CAPM Equation – Beta, Risk-Free Rate & Market Return
The mathematical heart of modern finance. This single equation dictates the cost of capital for almost every public company in the world.
The Formula
E(R_i) = R_f + beta_i * (R_m - R_f)
Where:
- E(Ri): Expected Return of asset i (Cost of Equity).
- Rf: Risk-Free Rate (e.g., 10-year Govt Bond Yield).
- Beta_i: Beta of asset i (Systematic Risk).
- Rm: Expected Return of the Market (e.g., Nifty 50 return).
- (Rm - Rf): Market Risk Premium (The extra return demanded for holding stocks over bonds).
Breaking Down the Components
1. Risk-Free Rate (Rf)
The theoretical return of an investment with zero risk.
- Proxy: Typically the yield on the 10-Year Government Bond of the country.
- India: ~7.0%
- USA: ~4.0%
2. Beta (Beta)
Calculated by regressing the stock's returns against the market's returns.
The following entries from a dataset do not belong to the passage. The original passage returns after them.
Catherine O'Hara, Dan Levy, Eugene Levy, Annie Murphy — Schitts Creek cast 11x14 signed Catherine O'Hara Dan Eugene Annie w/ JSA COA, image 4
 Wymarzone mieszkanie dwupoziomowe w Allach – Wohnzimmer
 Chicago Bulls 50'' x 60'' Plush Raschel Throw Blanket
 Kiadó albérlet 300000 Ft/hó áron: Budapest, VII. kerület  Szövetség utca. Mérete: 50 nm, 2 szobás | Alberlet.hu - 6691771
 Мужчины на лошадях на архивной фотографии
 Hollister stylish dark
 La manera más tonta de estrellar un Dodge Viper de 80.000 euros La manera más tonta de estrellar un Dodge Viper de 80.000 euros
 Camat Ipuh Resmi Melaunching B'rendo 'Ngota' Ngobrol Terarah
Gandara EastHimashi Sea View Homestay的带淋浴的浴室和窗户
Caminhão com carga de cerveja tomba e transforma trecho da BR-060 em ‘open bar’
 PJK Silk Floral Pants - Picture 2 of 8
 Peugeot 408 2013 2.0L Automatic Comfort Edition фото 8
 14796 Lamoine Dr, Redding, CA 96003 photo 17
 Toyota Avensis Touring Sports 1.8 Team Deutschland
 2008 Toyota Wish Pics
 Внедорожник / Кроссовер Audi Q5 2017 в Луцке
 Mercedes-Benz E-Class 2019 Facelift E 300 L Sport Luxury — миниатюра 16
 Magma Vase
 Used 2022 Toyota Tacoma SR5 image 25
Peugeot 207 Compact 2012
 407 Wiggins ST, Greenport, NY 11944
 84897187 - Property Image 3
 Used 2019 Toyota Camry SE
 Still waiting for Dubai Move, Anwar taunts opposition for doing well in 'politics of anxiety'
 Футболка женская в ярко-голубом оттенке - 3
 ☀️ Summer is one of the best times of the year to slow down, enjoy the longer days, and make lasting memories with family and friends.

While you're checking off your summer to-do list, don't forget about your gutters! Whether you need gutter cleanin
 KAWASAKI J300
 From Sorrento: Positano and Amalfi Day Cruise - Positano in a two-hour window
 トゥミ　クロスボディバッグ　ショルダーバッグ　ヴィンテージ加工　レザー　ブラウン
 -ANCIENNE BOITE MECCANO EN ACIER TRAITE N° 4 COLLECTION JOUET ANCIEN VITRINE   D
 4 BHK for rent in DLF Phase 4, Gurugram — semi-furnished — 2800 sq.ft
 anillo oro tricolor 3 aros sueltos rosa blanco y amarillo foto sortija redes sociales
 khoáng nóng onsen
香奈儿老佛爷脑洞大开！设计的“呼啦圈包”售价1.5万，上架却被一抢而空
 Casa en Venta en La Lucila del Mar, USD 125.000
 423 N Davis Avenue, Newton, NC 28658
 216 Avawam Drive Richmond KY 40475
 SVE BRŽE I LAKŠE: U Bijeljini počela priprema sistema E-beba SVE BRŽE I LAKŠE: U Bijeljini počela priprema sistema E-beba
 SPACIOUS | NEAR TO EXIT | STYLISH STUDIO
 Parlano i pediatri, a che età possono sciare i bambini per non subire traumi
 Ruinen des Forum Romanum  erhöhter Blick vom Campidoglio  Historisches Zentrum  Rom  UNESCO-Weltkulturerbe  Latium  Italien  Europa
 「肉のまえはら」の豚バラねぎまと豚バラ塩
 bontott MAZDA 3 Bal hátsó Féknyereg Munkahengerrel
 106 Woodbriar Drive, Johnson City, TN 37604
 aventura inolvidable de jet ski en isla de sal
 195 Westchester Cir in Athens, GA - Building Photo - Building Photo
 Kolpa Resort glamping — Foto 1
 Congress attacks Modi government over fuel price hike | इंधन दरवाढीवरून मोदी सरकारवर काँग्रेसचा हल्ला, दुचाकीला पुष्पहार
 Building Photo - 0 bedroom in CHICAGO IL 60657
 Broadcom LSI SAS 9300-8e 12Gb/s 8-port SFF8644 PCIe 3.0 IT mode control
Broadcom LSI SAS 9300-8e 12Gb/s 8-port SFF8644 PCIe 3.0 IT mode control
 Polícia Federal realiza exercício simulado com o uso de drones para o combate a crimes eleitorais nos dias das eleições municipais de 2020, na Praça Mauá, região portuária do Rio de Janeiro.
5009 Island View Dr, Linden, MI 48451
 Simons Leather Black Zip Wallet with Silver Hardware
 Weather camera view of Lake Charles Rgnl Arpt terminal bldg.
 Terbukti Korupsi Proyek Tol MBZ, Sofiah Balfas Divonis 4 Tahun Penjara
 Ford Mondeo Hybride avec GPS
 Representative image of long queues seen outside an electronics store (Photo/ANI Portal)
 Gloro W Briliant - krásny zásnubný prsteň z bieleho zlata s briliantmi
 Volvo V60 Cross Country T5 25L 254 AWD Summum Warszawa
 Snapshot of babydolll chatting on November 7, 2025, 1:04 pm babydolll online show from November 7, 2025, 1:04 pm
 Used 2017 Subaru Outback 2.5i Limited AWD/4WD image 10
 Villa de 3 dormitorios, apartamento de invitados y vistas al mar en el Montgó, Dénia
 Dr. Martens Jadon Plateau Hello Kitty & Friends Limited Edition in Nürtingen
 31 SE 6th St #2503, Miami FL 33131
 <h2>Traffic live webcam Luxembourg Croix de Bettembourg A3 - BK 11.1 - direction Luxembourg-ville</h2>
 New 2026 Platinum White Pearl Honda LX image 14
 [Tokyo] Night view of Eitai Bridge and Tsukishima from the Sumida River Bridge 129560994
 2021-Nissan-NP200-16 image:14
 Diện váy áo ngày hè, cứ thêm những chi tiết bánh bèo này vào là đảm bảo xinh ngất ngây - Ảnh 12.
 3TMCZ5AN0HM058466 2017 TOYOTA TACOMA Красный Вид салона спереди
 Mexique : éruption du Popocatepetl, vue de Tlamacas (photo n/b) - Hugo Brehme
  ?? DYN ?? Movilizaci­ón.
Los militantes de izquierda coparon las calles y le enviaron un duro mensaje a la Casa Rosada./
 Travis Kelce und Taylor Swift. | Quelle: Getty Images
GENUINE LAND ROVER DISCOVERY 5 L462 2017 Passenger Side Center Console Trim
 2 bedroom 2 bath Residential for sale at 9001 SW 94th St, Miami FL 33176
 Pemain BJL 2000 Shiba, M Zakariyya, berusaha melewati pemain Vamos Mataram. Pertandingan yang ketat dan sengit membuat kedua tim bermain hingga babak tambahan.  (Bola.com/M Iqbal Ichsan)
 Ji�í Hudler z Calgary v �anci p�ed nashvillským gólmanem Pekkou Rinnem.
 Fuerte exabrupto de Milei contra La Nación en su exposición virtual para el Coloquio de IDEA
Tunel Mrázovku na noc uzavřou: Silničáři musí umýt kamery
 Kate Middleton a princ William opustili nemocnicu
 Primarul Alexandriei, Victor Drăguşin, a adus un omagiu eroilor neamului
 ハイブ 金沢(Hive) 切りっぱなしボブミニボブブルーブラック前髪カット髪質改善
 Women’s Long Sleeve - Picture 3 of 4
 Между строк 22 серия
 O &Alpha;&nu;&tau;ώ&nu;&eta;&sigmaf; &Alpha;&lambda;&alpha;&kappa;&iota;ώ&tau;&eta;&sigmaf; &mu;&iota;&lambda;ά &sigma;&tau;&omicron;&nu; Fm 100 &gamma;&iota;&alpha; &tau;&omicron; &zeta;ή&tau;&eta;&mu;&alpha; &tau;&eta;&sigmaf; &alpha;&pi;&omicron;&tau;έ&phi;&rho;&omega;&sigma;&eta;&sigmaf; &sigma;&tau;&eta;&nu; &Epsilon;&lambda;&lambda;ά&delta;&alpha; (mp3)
- Formula: Beta = Cov(Ri, Rm) / Var(Rm)
- It is the slope of the regression line.
3. Market Risk Premium (Rm - Rf)
The historical difference between stock market returns and government bond returns.
- Typical range: 4% to 6%.
Calculation Example
Calculate the Expected Return for Tata Motors if:
- Risk-Free Rate (Rf) = 7%
- Beta = 1.2 (More volatile than market)
- Market Return (Rm) = 12%
Solution: Solution:
E(R) = 7% + 1.2 * (12% - 7%)
E(R) = 7% + 1.2 * (5%)
E(R) = 7% + 6% = 13%
Interpretation: Investors demand a 13% annual return to hold Tata Motors. If the company cannot generate 13%, the stock price will fall.
Security Market Line (SML)
If you plot Beta (x-axis) vs Expected Return (y-axis), the CAPM equation forms a straight line called the Security Market Line.
- Undervalued Stocks: Lie above the SML (Offer higher return than CAPM predicts).
- Overvalued Stocks: Lie below the SML.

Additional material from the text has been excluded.